[Captioned web image data]
---+---
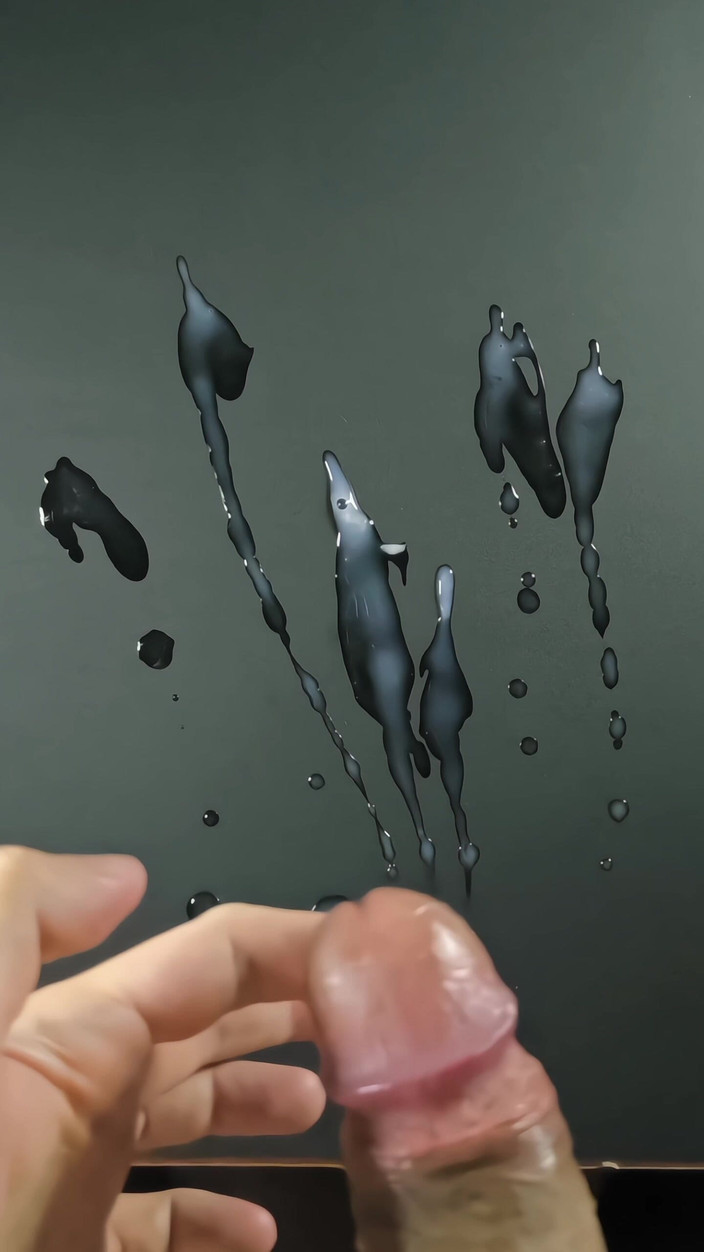 LolaCD: Sc036 - 2 Cam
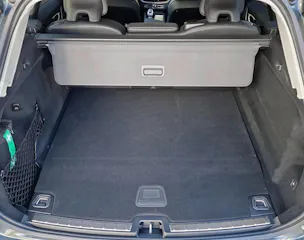 VOLVO XC60 2.0 T8 TE Ultra Dark eAWD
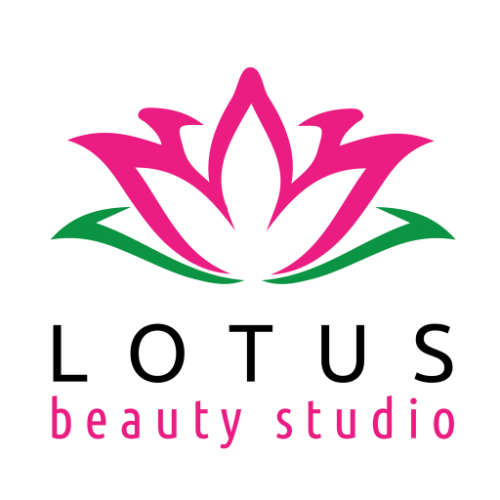 cropped-lotus-logo-w.png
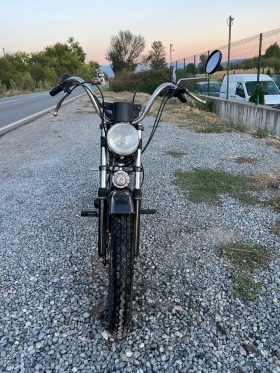 Aprilia 50 Under 23, снимка 8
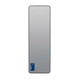Дзеркало Qtap Gemini 500х1600 підлогове QTGE50160049283 - зображення 3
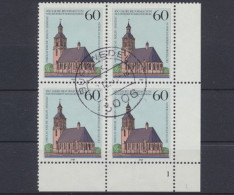 Berlin, Michel Nr. 855 (4), Gestempelt - Used Stamps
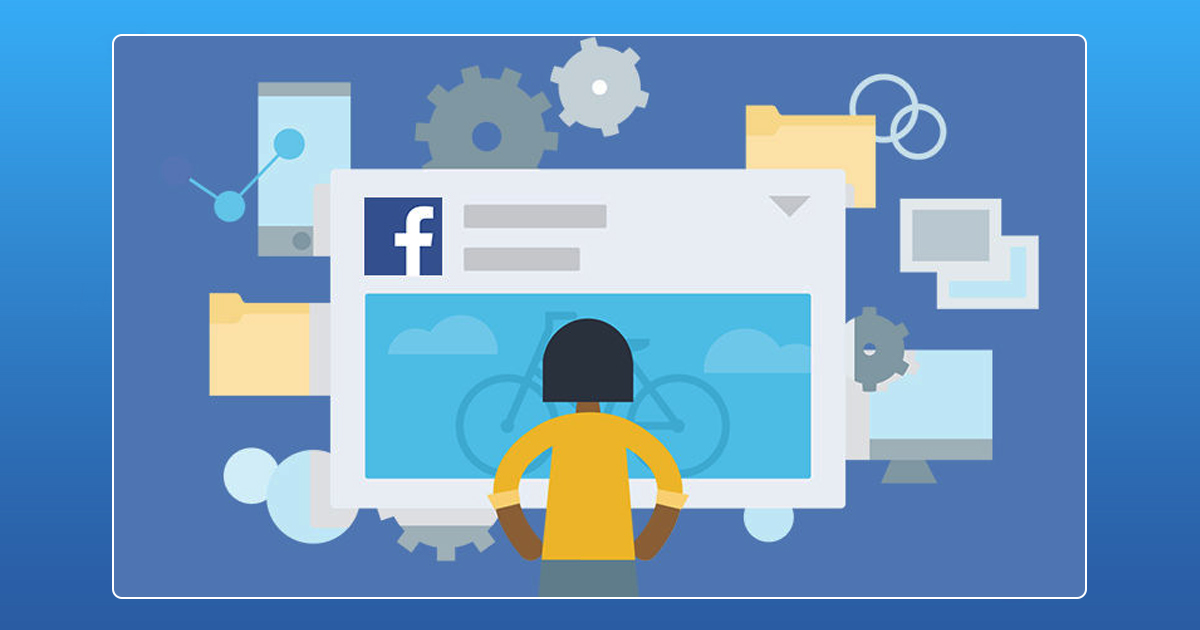 facebook page, facebook best practices, facebook strategy,Best Results for Facebook Page,Improve Your Facebook Page,tips and tricks for Facebook Page,startupstories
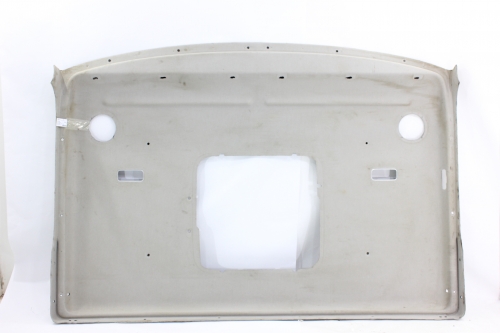 Forro Teto Cabine Vw 24-260 20/23 Usado (152)
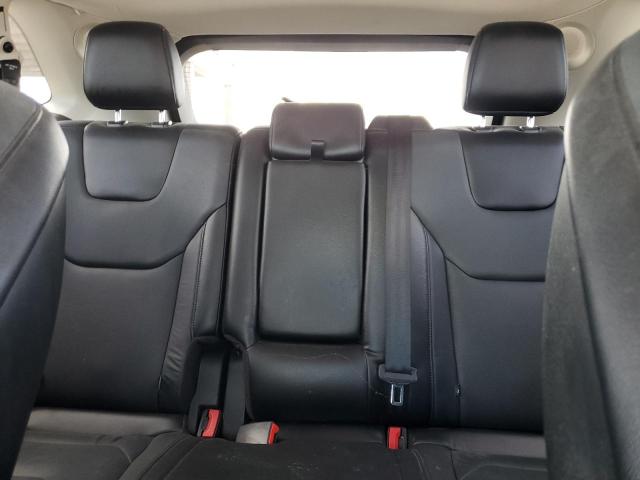 Photo 10 from auction – 2015 FORD EDGE TITAN with VIN 2FMPK3K85FBC01778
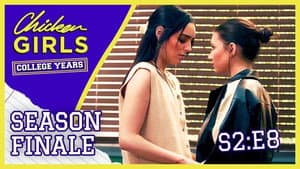 Episodio 8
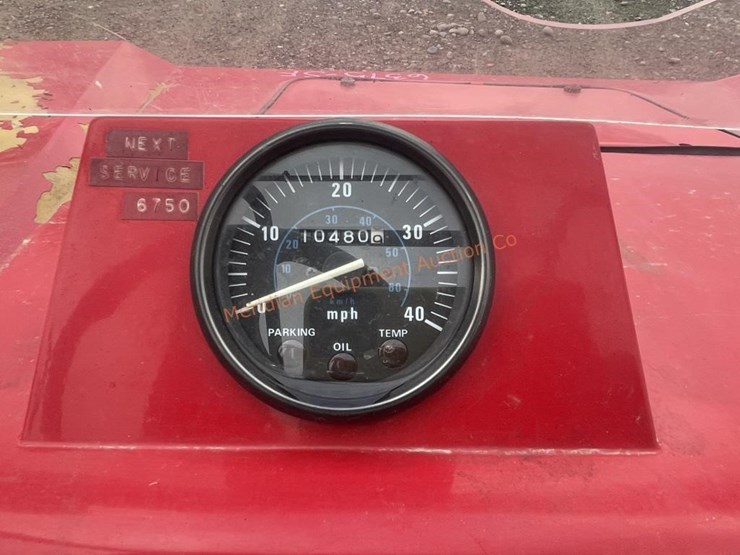 kawasaki-mule-1000-image-12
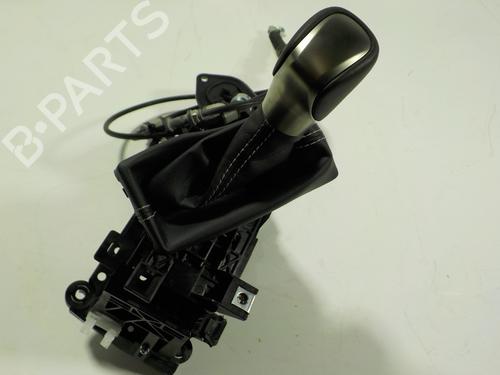 Gear lever LEXUS NX (_Z1_) | BP10298537M90 - Image 3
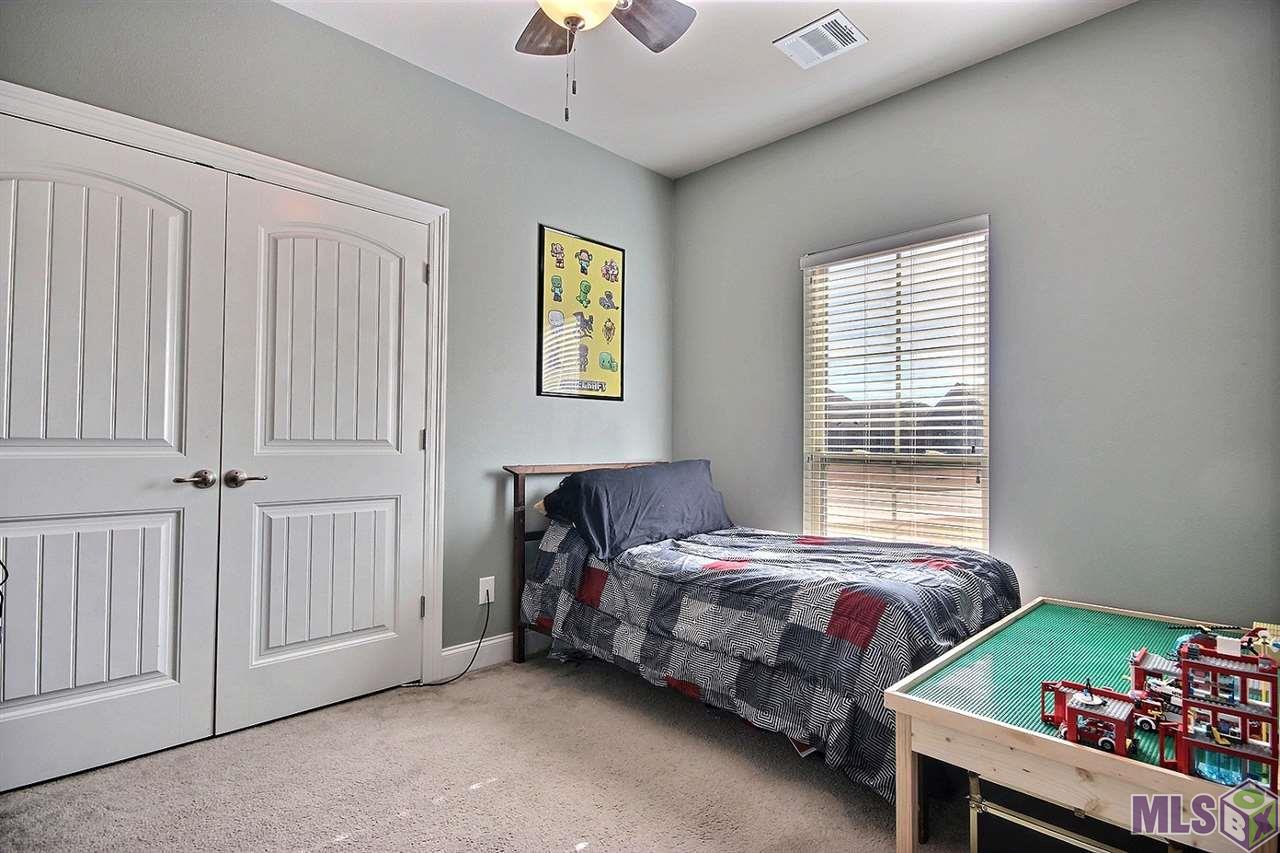 22652 Timber Ridge Drive Denham Springs, LA 70726 - Photo 11 of 18 Gallery Image 11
---+---
## What to produce
Pictures aside, repeat every entry exactly as written.

## Finished task
 LolaCD: Sc036 - 2 Cam
 VOLVO XC60 2.0 T8 TE Ultra Dark eAWD
 cropped-lotus-logo-w.png
 Aprilia 50 Under 23, снимка 8
Дзеркало Qtap Gemini 500х1600 підлогове QTGE50160049283 - зображення 3
 Berlin, Michel Nr. 855 (4), Gestempelt - Used Stamps
 facebook page, facebook best practices, facebook strategy,Best Results for Facebook Page,Improve Your Facebook Page,tips and tricks for Facebook Page,startupstories
 Forro Teto Cabine Vw 24-260 20/23 Usado (152)
 Photo 10 from auction – 2015 FORD EDGE TITAN with VIN 2FMPK3K85FBC01778
 Episodio 8
 kawasaki-mule-1000-image-12
 Gear lever LEXUS NX (_Z1_) | BP10298537M90 - Image 3
 22652 Timber Ridge Drive Denham Springs, LA 70726 - Photo 11 of 18 Gallery Image 11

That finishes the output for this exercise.